Returning the empty vessel back to Mother Nature and providing nourishment to the planet’s creatures is a great privilege for Tibetans. They experience it as a final offering of honour, compassion, and generosity. Back to the earth that gave them life. 

These creatures are most often sacred vultures – also known as Dakinis (sky dancers). To Tibetans, they are respected as angels. These Dakinis take the soul to the heavens, where it awaits its reincarnation.

Significant emphasis is placed on ritual to ensure the soul can navigate what is known as the bardo state – a dreamlike intermediate space between death and rebirth. During this passage, lamas direct the spirit in a sequence of prayers that last for seven weeks. 

The Process of the Burial

The bodies are swathed in white cloth and placed in one corner of the house for three to five days. It is not touched during this time, except perhaps at the crown of the head, through which the consciousness, or namshe, departs. Throughout this period, monks or lamas recite scriptures/pray/give blessings aloud so that the soul can be freed from purgatory. The household maintains a peaceful atmosphere to safeguard an effortless exit and ascension to the heavens. All family members are present to honour and support this auspicious sacrament with butter lamps lighting up the home. Once the prayer period has concluded, the family chooses a day at dawn for the corpse to be transported to the sky burial site, aka: the charnel grounds or durtro. It is always higher than its surroundings.  The funeral day is chosen through divination. 

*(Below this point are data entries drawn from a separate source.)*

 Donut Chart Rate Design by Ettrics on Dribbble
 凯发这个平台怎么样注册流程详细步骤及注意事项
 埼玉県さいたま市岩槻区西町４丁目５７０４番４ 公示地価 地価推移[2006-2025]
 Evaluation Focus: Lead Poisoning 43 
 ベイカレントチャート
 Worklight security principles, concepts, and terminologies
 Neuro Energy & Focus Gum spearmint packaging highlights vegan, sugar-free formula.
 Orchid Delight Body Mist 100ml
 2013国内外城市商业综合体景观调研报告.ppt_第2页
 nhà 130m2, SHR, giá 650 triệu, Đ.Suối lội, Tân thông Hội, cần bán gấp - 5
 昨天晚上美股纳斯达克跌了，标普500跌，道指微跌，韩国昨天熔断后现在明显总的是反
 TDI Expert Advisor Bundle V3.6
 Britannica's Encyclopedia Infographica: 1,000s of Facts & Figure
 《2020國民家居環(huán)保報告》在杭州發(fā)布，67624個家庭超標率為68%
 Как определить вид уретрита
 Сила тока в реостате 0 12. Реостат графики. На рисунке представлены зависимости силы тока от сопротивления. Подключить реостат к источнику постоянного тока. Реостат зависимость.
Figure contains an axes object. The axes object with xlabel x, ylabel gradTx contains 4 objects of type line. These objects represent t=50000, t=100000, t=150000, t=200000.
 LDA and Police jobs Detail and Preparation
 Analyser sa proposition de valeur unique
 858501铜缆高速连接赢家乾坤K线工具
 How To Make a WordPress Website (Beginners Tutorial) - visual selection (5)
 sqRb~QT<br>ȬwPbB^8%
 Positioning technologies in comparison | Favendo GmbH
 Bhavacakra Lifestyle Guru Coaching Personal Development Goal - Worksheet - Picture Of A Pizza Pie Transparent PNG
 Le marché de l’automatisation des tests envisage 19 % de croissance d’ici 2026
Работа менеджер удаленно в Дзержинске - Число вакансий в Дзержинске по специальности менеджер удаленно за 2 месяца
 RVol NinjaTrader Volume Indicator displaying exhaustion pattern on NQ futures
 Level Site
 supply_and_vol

Villagers transport the body to the sacred burial site by horse or car. The master of the ceremony conducts rituals over the body. Relatives often remain nearby during the sky burial, perhaps in a location where they cannot witness it directly. Monks may chant mantra and burn juniper incense and tsampa (barley flour with tea and yak butter, or milk) to summon the vultures. The corpse is positioned face-down on a large flat rock, the hair removed. Once the birds begin to circle over the site, the master or rogyapas (“body-breakers”) then begin to chop the limbs into small pieces with axes and sledgehammers.

When just the bones are left, they are broken up with mallets, ground with tsampa and given to the awaiting crows and hawks now that the vultures have left.

It’s a good omen if the vultures eat the whole body. Tibetans believe that if this is not the case, he or she has committed un-virtuous acts.

Other Forms to Bury Bodies

The complete sky burial practice is elaborate and costly. If it is unaffordable, the family will set their deceased on a high rock where the corpse decomposes or is consumed by birds and animals.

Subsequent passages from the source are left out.